• _Data items_:
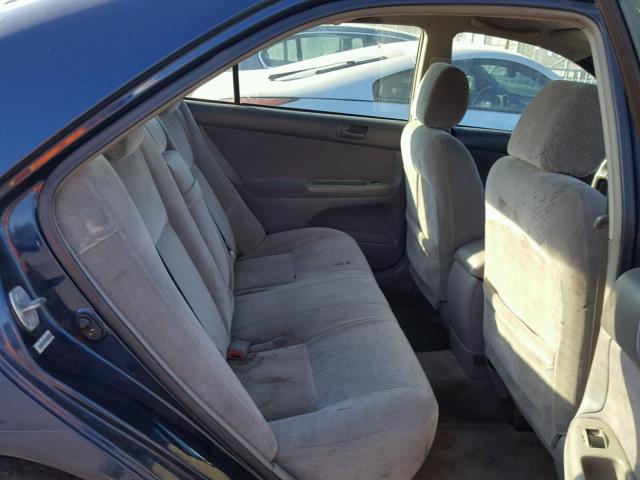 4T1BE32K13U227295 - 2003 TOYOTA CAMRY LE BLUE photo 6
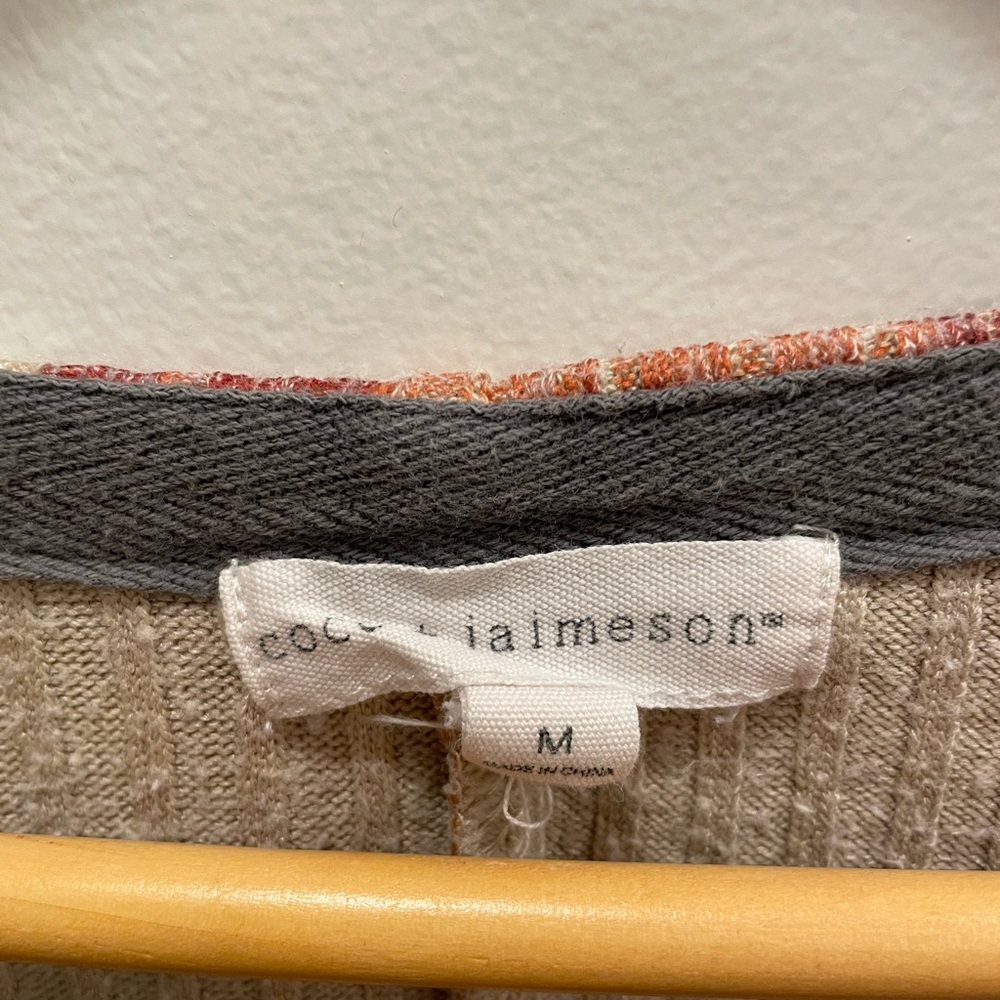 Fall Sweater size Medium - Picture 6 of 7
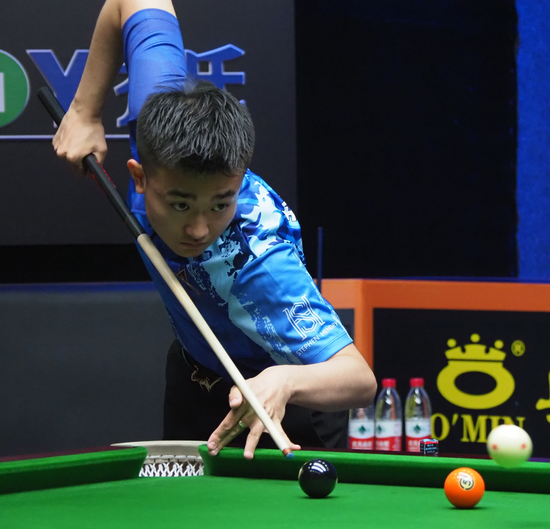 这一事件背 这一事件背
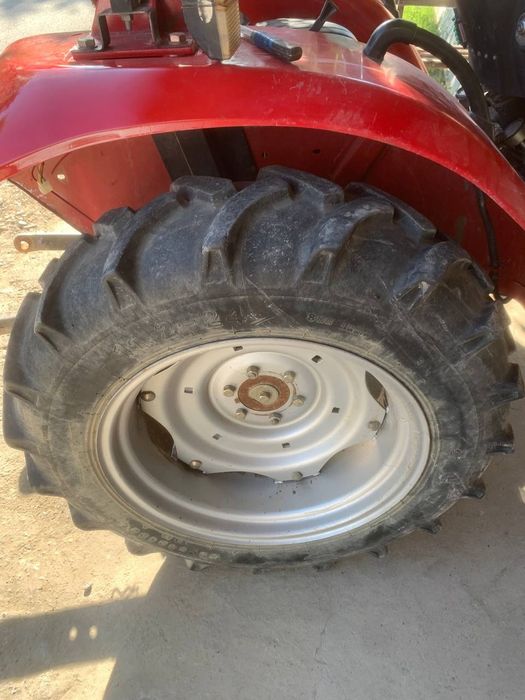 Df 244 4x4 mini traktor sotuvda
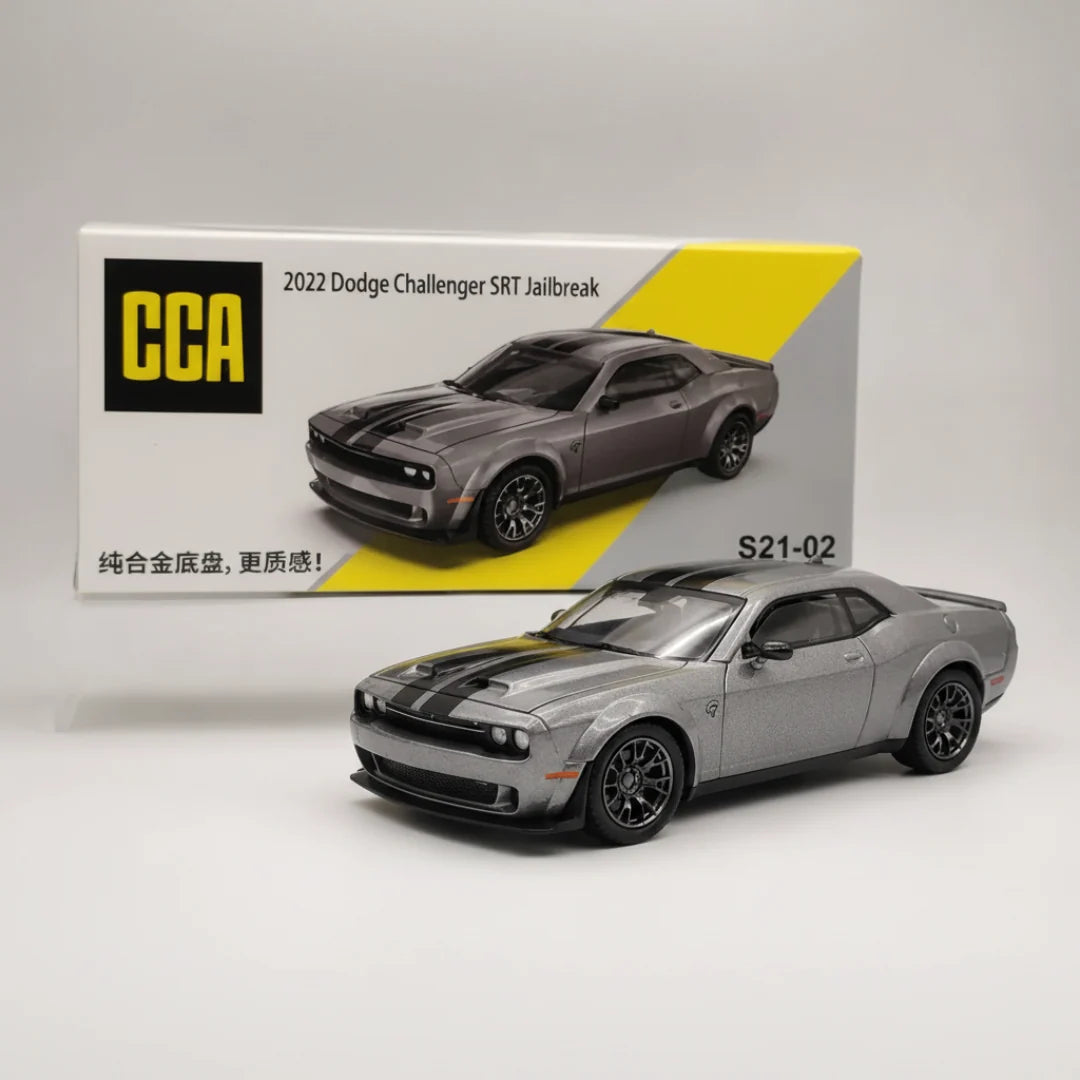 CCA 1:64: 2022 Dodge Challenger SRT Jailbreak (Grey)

• _WHAT THE TASK REQUIRES_:
If a record holds a picture, leave the picture out, but repeat every line exactly.

• _EXERCISE ANSWER_:
 4T1BE32K13U227295 - 2003 TOYOTA CAMRY LE BLUE photo 6
 Fall Sweater size Medium - Picture 6 of 7
 这一事件背 这一事件背
 Df 244 4x4 mini traktor sotuvda
 CCA 1:64: 2022 Dodge Challenger SRT Jailbreak (Grey)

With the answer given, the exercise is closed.